Photograph Movie Review
In ‘The Photograph,’ an old picture sets in motion a romance between a photographer’s grieving daughter (Issa Rae) and a journalist (LaKeith Stanfield).
First off, love stories don’t come more contrived than the one in “The Photograph.” LaKeith Stanfield is a journalist stumbling upon an old black-and-white snapshot while working on an assignment leading him right into the heart of Issa Rae. She’s Mae, a fashionable Manhattan art curator exploring the early life of her recently deceased mother. It’s not picture-perfect, but Stanfield and Rae are so darn cute together you can’t help being smitten.
The story oscillates between dueling narratives showing how the past informs the present. In one string, writer-director Stella Meghie steps back 30 years to relay Christina’s (Chante Adams) tough decision to ditch her man (Y’Lan Noel), hop on the next bus out of backwater Louisiana to New York, then working her butt off to become a famous photographer. It comes with a cost, of course. “I wish I was as good at love as I was at working,” Christina says in a video within the movie.

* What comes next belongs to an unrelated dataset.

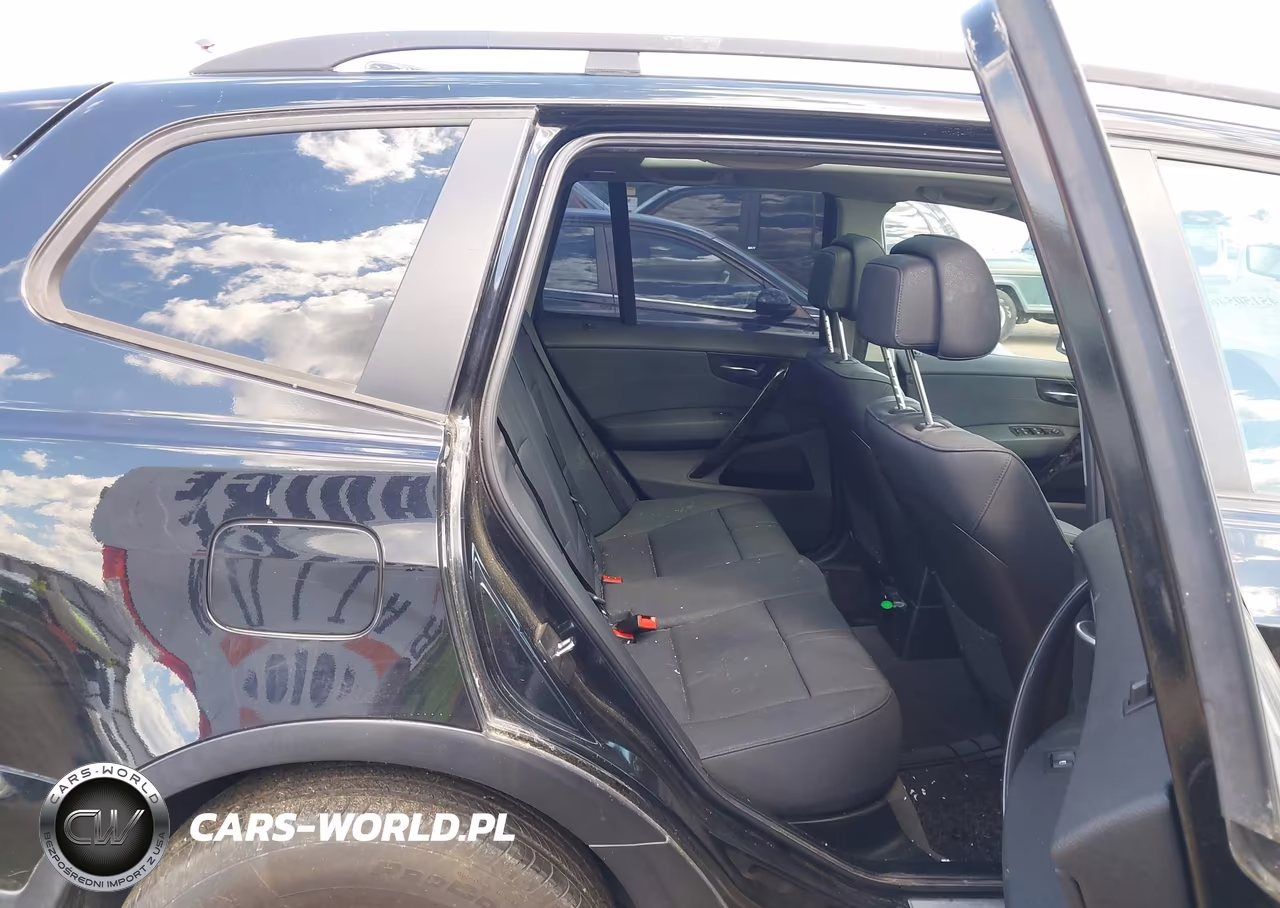 2008 BMW X3 3.0Si VIN:WBXPC93418WJ21981 - 8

The other storyline starts with Mae discovering a letter in Christina’s safe, setting the daughter on an emotional journey to understand her mom’s motivations, a situation that brings Stanfield’s newly single Mike into her orbit. Romantic dramas only work if there’s tangible chemistry between the leads, and with these two sparks fly from the first frame to the first kiss.
Meghie kicks the tires on heavy themes: grief, parental love, lost love, children not privy to who their parents really are . . . It’s enough to fill three movies. Sometimes that serious tone suffocates the romance, so much so that it feels like two movies spliced together. Indeed, for a film that’s trying to sweep us off our feet, too much of Meghie’s script is spent in plodding exposition.

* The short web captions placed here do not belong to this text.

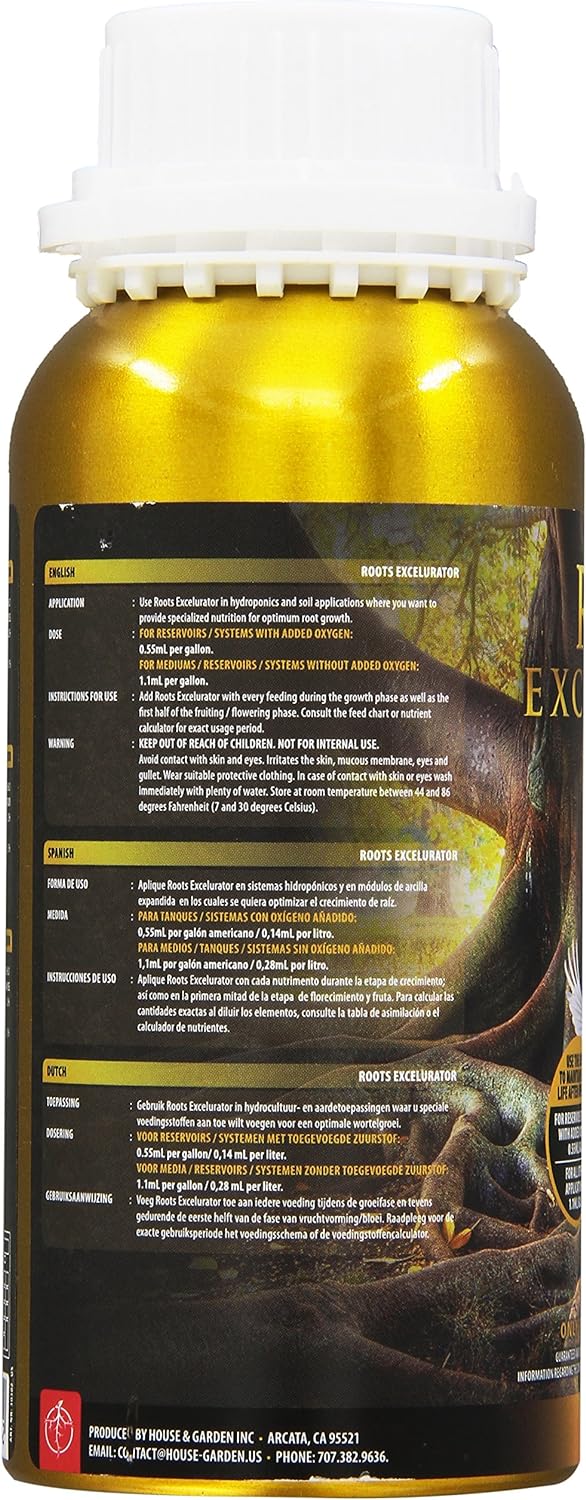 House & Garden Roots Excelurator, 500 ml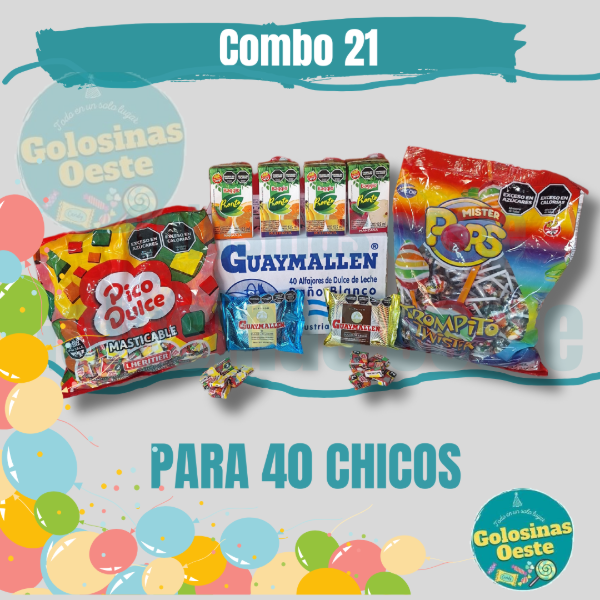 Producto - Combo 21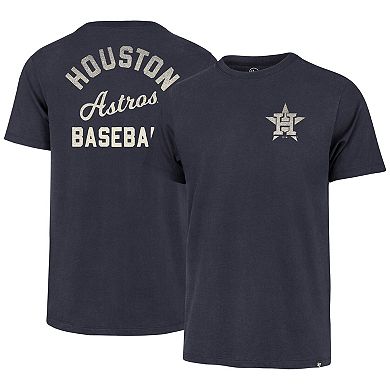 Men's '47 Navy Houston Astros Turn Back Franklin T-Shirt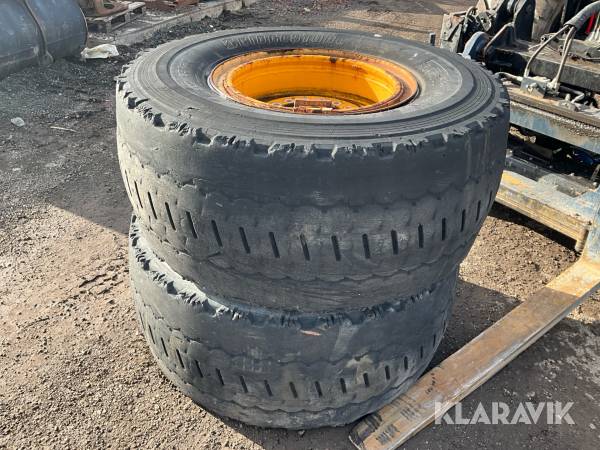 Däck och fälg 600/65R25 Volvo L60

Along the way, gifted comedian Lil Rel Howery, Stanfield’s “Get Out” co-star, infuses the film with a natural – and essential - levity as Mike’s married brother. And old pros Rob Morgan (“Just Mercy”) and Courtney B. Vance (“Ben is Back”) lend gravitas in supporting roles.
For her part, Rae is radiant, but she’s definitely a stronger comedic actress (“Little,” HBO’s “Insincere”), causing Mae’s two-dimensionality to play against her strengths. On the other hand, Stanfield, whose star has risen immensely with roles in “Get Out,” “Knives Out,” “Sorry to Bother You” and “Uncut Gems,” carries the film with his charm and knack for effortlessly switching between comedy and drama. When he purrs the line “Is it too early in the night to kiss you?” the audience swoons. Ditto for some stormy-weather lovin’ set to Al Green slow jams. Yup, “The Photograph” is a Stanfield state of mind.